Un retroscena su supercar elettriche e V12: Pagani racconta perché dietro l’auto alla spina c’è una verità preoccupante
Nel mondo delle hypercar c’è un confine che, per Pagani, non conviene superare: l’elettrico non scalda i cuori dei collezionisti e rischia di raffreddare pure i bilanci, motivo per cui la Casa ha preferito restare fedele al suo V12 Mercedes‑AMG, anche davanti all’onda lunga delle supercar a batteria che il mercato sta spingendo ovunque, Italia compresa.
L’elettrico funziona in città e sulle piccole, ma sulle auto estreme il carattere conta più dei kilowatt, e la voce di un dodici cilindri resta parte dell’esperienza, non un dettaglio tecnico intercambiabile.
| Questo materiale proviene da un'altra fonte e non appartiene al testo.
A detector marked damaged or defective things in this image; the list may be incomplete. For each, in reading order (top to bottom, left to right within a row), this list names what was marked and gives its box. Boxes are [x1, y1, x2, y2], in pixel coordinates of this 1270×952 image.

Da qui la prudenza: niente salti nel vuoto su una tecnologia che il pubblico Pagani non desidera, almeno oggi, e che rischierebbe di snaturare un marchio costruito attorno a meccanica, artigianalità e piacere sensoriale senza filtri.
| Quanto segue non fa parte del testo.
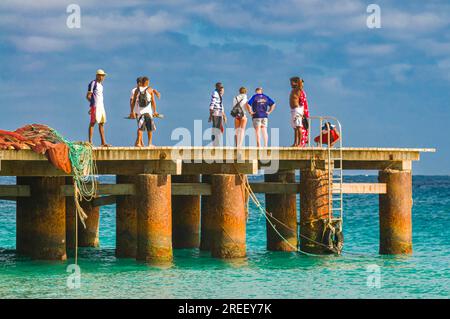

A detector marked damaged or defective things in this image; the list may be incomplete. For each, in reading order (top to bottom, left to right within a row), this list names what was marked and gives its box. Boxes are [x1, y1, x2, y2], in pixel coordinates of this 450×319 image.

rusty ladder on pier [310, 116, 344, 234]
Supercar elettriche, nodo identità
La storia parte da Utopia: otto anni fa Pagani apre due binari, uno termico e uno full electric a batteria, scartando l’ibrido perché ritenuto complesso e non maturo in quel momento, con un progetto seguito da un team dedicato e contatti stretti con i fornitori di Mercedes‑AMG al top della tecnologia.

Il test decisivo non avviene in galleria del vento ma in salone: l’idea viene presentata a concessionari e clienti, e la risposta è un muro di indifferenza, tanto da costringere a chiudere il capitolo BEV nonostante gli investimenti già compiuti e un accordo che, a quel punto, va annullato per salvaguardare la sostenibilità dell’azienda familiare.
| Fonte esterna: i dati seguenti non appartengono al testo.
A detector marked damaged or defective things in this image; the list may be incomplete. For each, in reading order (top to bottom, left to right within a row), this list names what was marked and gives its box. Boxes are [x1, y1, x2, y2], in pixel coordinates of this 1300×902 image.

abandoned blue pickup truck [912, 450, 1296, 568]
Nel frattempo, la cornice normativa lascia spiragli: AMG ha omologato il V12 in Europa fino al 2030 e in California fino al 2032, con la convinzione che la finestra possa allungarsi, anche perché le regole cambiano e serve flessibilità per non bruciare scelte strategiche.
Dentro questa finestra Pagani celebra la sua cifra: il V12 come “festa”, pure con cambio manuale, un’idea di ingegneria meccanica che per il cliente è anche nutrimento intellettuale, non solo performance, e che oggi non prevede alcun addio programmato al dodici cilindri.
La scelta, quindi, è controcorrente solo in apparenza: mentre altri preparano il loro debutto “alla spina”, Pagani consolida la rotta, protegge la propria comunità e rimanda l’elettrico a quando potrà essere desiderio, non compromesso.
In un settore dove il carattere vale quanto la scheda tecnica bisogna essere certi che qualcuno voglia davvero l’elettrico, e per ora il coro dei collezionisti chiede ancora dodici cilindri e leve da muovere a mano. È una presa di posizione che racconta più del presente che del futuro, ma chiarisce come l’identità, per certi marchi, sia parte integrante della prestazione: senza quella, l’auto va forte, ma non va lontano.